UTAH (ABC4) -Ted Hesser is an adventure filmmaker and climbs mountains all over the world. he stresses the importance of checking an avalanche forecast before heading to the mountains. 

“I’ve encountered avalanches in the high mountains pretty much everywhere I go,” says Hesser. “When I’m off in high mountain ranges there’s no avalanche forecasting service. So it’s hard. You have to make those assessments yourself. but here… there are teams of people doing it for you. And you can read their reports. And that information is very valuable,” he adds.

Avalanches are one of the deadliest natural disasters in Utah, accounting for 52 percent of severe weather-related deaths, according to the Utah Department of Public Safety. It’s not just extreme sports athletes in danger of encountering an avalanche. In fact, slopes steeper than 30 degrees are considered avalanche terrain. 

“Here in Utah, we have a lot of avalanche terrain that maybe the average user doesn’t know about.
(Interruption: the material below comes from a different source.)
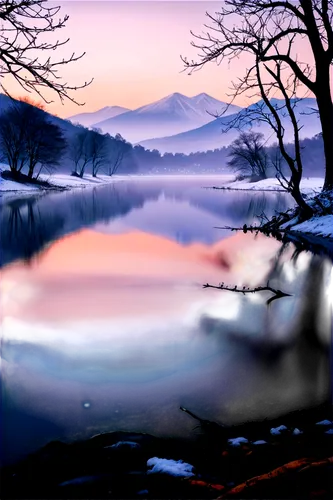 winter lake,winter landscape,evening lake,landscape background,tarn,purple landscape,mountainlake,foggy landscape,snow landscape,winter background,river landscape,ice landscape,frozen lake,world digital painting,waterscape,loch,mountain lake,stillness,japan landscape,waterbody,Illustration,Japanese style,Japanese Style 20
And that could be hikers, dog walkers, hunters, people that could be impacted by avalanche terrain,” says Nikki Champion, a forecaster for the Utah Avalanche Center.

And if you’re heading to the backcountry, Champion says it’s important to take avalanche classes, learn the signs, and most importantly, know the risks before you go.

“If you’re at all worried about avalanches you don’t really understand avalanches, just stay out and out from underneath slopes over 30 degrees, and you can avoid the problem by avoiding the terrain.”The first week of December was designated as Avalanche Awareness Week by Utah State Legislators three years ago.